Newsnotes 2017 12

Notes on the News

by Gwydion M Williams

 

Tories at the end of the road?

I’m amazed that today’s Tories can be so incompetent and unsuccessful, and yet not know it.  But their self-image is not harmed by many on the Hard Left seeing them as sinister Machiavellian geniuses plotting world dominion.

They can be devious conspirators.  Back in 1975, Thatcher’s supporters acted very depressed during her challenge to the leadership of Edward Heath.  She got votes from people who would have sooner had someone else replace Heath, and became unstoppable.

As Prime Minister. Thatcher was boosted by the Falklands War.  The Argentines mysteriously believed that Britain would not react.  Then an Argentine Exocet sank the Sheffield soon after the questionable sinking of the Belgrano: thereafter they mostly failed.[A]  I’d not believe that Thatcher herself would have authorised it: but many devious covert people wished her to win the next election.  Helped her follow Feed-the-Rich policies, in the sincere and ignorant belief that she was saving British traditions.

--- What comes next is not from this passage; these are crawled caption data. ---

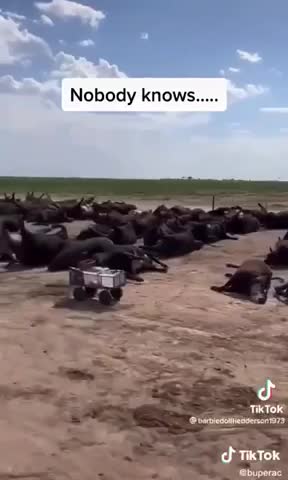 3,000 Cattle Die Over Weekend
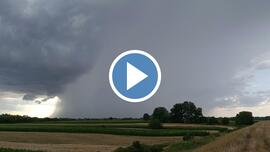 Oar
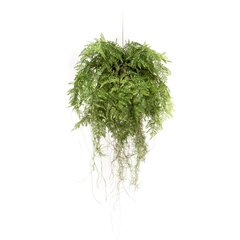 Emerald Tekokasvi riippuva saniainen juurilla 55 cm hinta ja tiedot | Keinotekoiset kukat | hobbyhall.fi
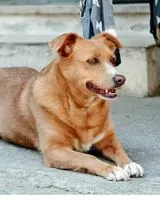 EMERGENCY: Dog lost in Falciano del Massico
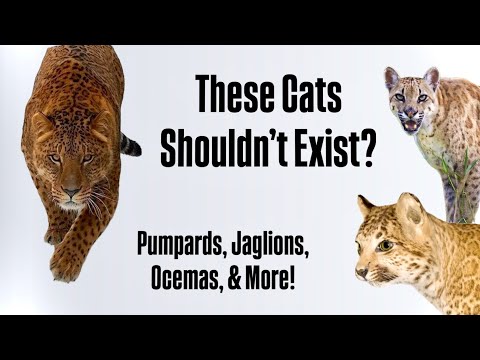 Three Bizarre Hybrid Cats That Defy Science… It’s Insane!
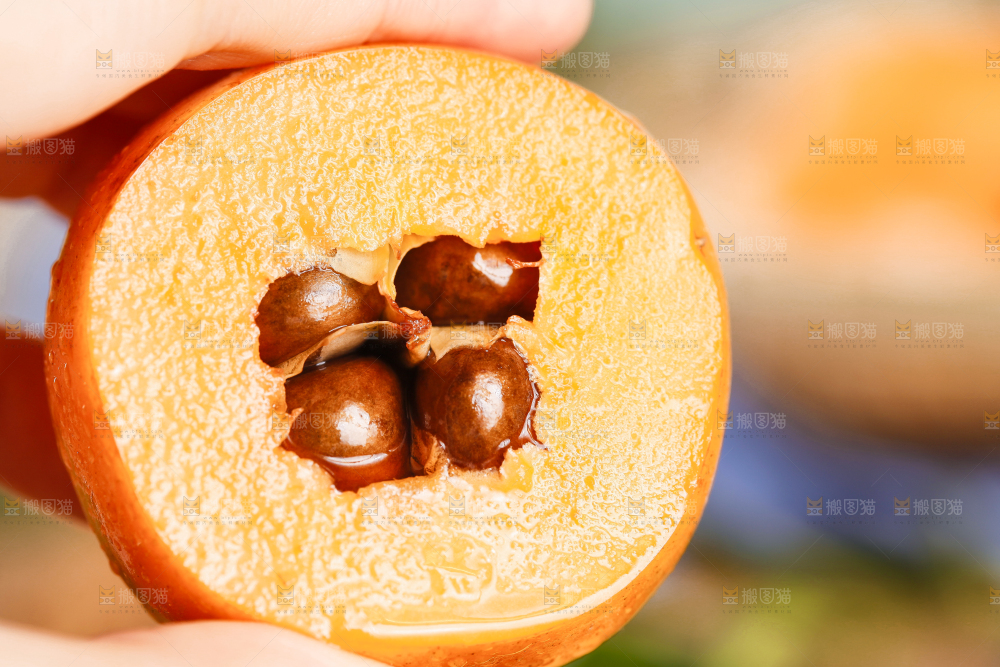 手里拿着枇杷果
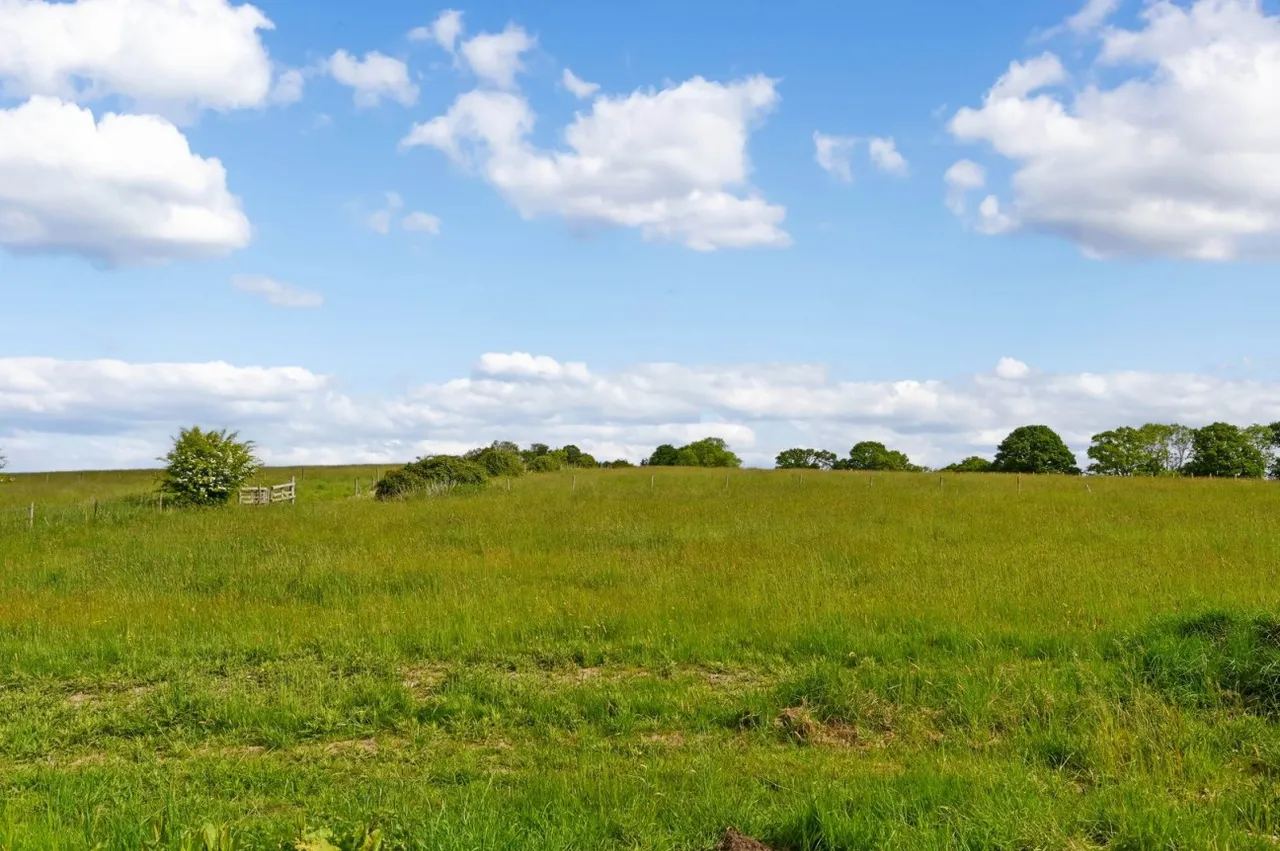Woodlands, SO40, photo 10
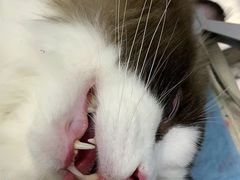 -关爱宠物医院·猫科中心·消化科(滨湖万达分院)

That’s efficient conspiracy.  But on larger matters, they are often bunglers.

The USA let post-Soviet Russia be looted by crooks.  Called it ‘Upper Volta with Nuclear Weapons’.  Whining when Russia bounced back with its traditional toughness, just happening to raise up a man called Putin in the process.  And cannot understand why China (excluding a few silly dissidents) is not keen to get the same treatment they gave Russia in the 1990s.042 Russia and the USA

The Tories are now in trouble.  The smart supporters of US-dominated Globalisation always depended on voters with old-fashioned prejudices.  They are no longer in control of them.  They are driving into a brick wall with Brexit.  Just the problem of an Irish-proof border for Northern Ireland may break them, since the Tories need the votes of the hard-line anti-Republican MPs in the DUP to stay in power.

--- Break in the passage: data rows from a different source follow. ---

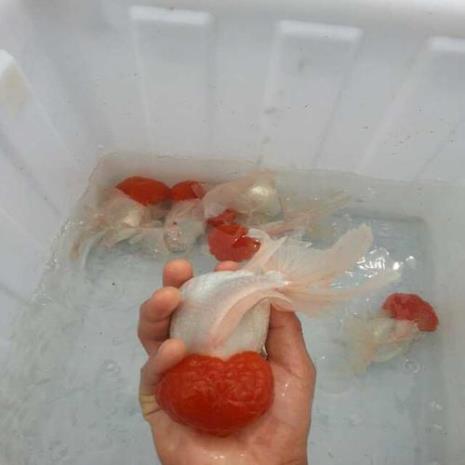 金鱼身体偏着游是怎么回事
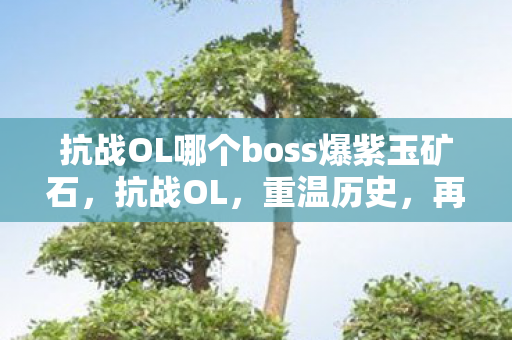 抗战OL哪个boss爆紫玉矿石，抗战OL，重温历史，再现荣耀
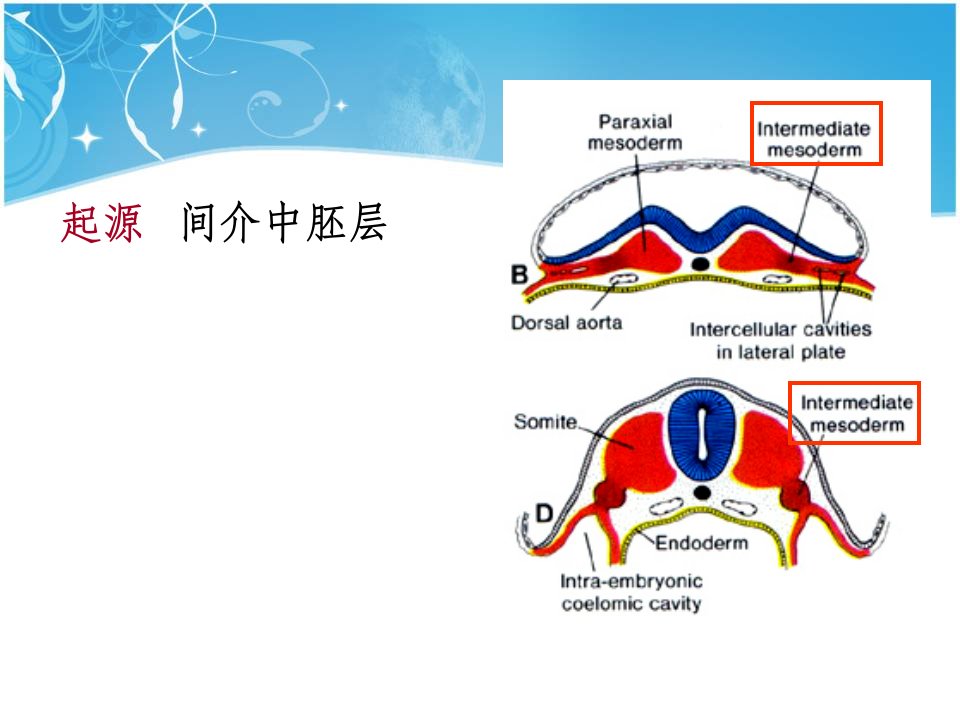 医学专题泌尿生殖发生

They also face growing public anger over how unequal we’ve become, ever since Thatcher and Reagan transformed Centre-Right politics.

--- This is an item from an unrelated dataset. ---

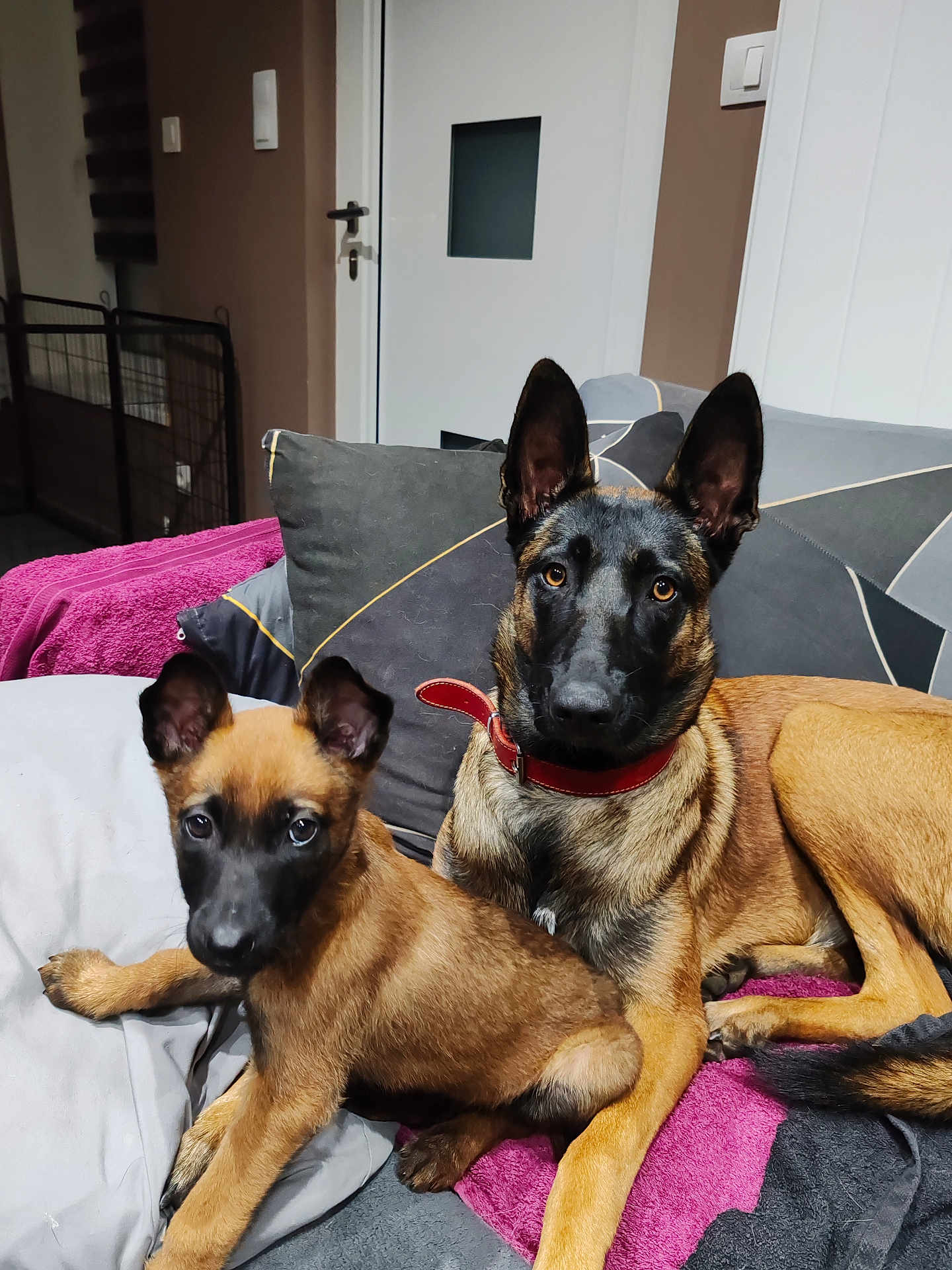 Wyka Et Aïko a rejoint le concours — aidez-le/la à gagner de superbes lots ! dog, belgian_malinois, puppy, adult_dog, indoor, couch, pillow, blanket, pet, animal, brown_coat, black_mask, ears_up, looking_at_camera, resting, companion, household, domestic, canine, alert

Their run of success wasn’t mainly the fruit of conspiracy: they were pushing at an open door.  Many 1960s radicals liked the idea of throwing the Big Bad State out of the lives of ordinary people.  Slay the monster of Corporatism: Corporatism was an obsession of many on the left.  Later the New Right later got clever glib-speaking recruits certain that they had seen through leftist falsehoods and now had The Truth.

Only none of it was true.  The mild and unashamedly Corporatist systems they attacked gave education, health and decent jobs to people who had lacked these things before.  The former enemies West Germany, Italy and Japan had Economic Miracles using these methods.[B]  Likewise the Asian Tigers.  Britain and the USA had their best-ever period of stable growth, though nothing like as impressive.041 West Past its Optimum

Social values came apart in the 1960s and 1970s.  Young people wanted sex, drugs and rock-and-roll.  Faced down mild disapproval from Mild Corporatism, and cast themselves as heroes against Nazi-style tyranny.  Were persuaded that Trade Unions, state intervention in the economy and laws against financial gambling were part of the same Wicked Corporatism that maliciously stopped them having a good time.  (That was before so many famous names died of drugs overdoses.)

Meantime the Soviet Union took a massive wrong turn with Brezhnev’s 1968 invasion of Czechoslovakia.  Back then, the Soviet economy was still healthy.  But a planned economy depends on honesty and idealism, which faded under Brezhnev.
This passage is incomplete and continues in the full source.